A range of sculptural styles appeared during the Hellenistic period. For example, a highly academic style, which tells a story through a range of symbolic figures, was used in a relief carved by Archelaos of Priene, The Apotheosis of Homer (150? BC, British Museum, London). The relief was dedicated to the Muses or to Homer and shows the poet along with figures representing the World, Time, Homer’s great epic poems the Iliad and the Odyssey, and other literary images and ideas. But perhaps the most distinctive Hellenistic style is one sometimes called Baroque.

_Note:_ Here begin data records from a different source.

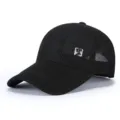 Close-up view of the black breathable mesh baseball cap, showing the textured fabric and patch detail. - Adjustable / Black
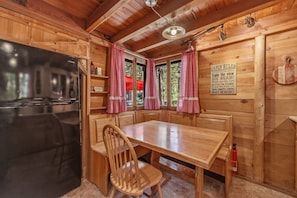 A cabin interior with a wooden table, chairs, a refrigerator, and a window with red curtains. - Dancing Cubs Cabin!  Hot Tub, Walk to Beach! (Homewood)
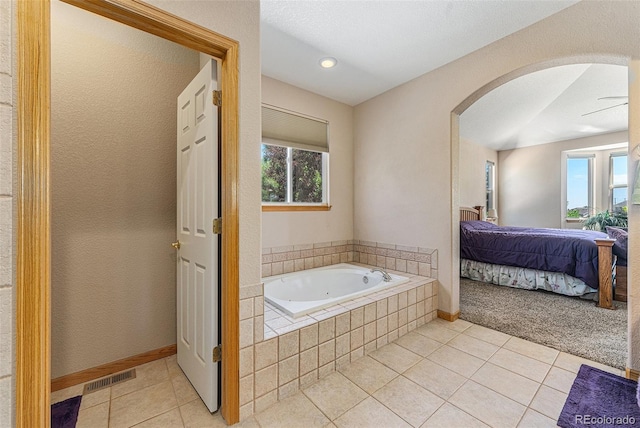 5289 Fairfield Cir, Castle Rock, CO 80104 - ensuite bathroom with a tub with jets, tile patterned flooring, and recessed lighting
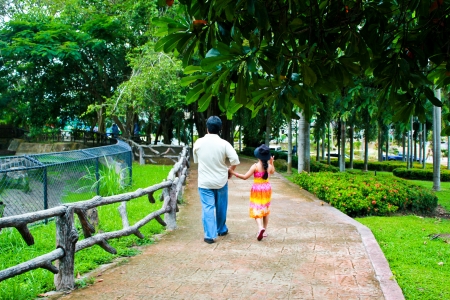 Thai girl holding her father by handの写真素材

Hellenistic Baroque, like the Baroque style of 17th-century Europe, is defined by its melodramatic, exaggerated effects. It is especially associated with the ancient city of Pergamum, and its masterpiece is the so-called Great Altar of Zeus built atop the city’s acropolis sometime from about 190 to 156 BC. (A reconstruction of the west facade of the Great Altar is housed in the Pergamum Museum in Berlin, Germany. ) The monument may in fact be a shrine to Telephus, Pergamum’s legendary hero and founder, rather than to Zeus.

The life story of Telephus, from his birth to his exploits as a mature hero, unfolds in a continuous frieze inside the monument. A podium supports the monument and around it an even larger frieze recounts the Battle of the Gods and the Giants. Some figures seem ready to leap off the wall. Some even crawl up the sides of a staircase that visitors use to reach the altar. The muscles of the figures are taut and pronounced, the drapery sweeping and tumultuous, the poses violent and dramatic, the faces expressive and pained.

In one scene, the goddess Athena has caught a giant by the hair; he gazes helplessly toward the sky as he tries to free himself from her grip. His expressive pose resembles that of a Trojan priest, Laocoon, in a later statue of Laocoon and his Sons (Vatican Museums), shown as he struggles to free himself from giant snakes. Although the names of the sculptors of the Laocoon are known (Athanadoros, Hagesandros, and Polydoros of Rhodes), the exact date of the statue is a matter of dispute.

Although it used to be dated around the time of the Pergamum altar, in the mid-2nd century BC, many scholars now believe the Laocoon is an early Roman work modeled after a Hellenistic original. In any case, it was clearly sculpted in the Baroque tradition of Pergamum. And even if it is a later reworking of a Hellenistic original, the Laocoon demonstrates that Greeks continued to produce important sculptures during the Roman era.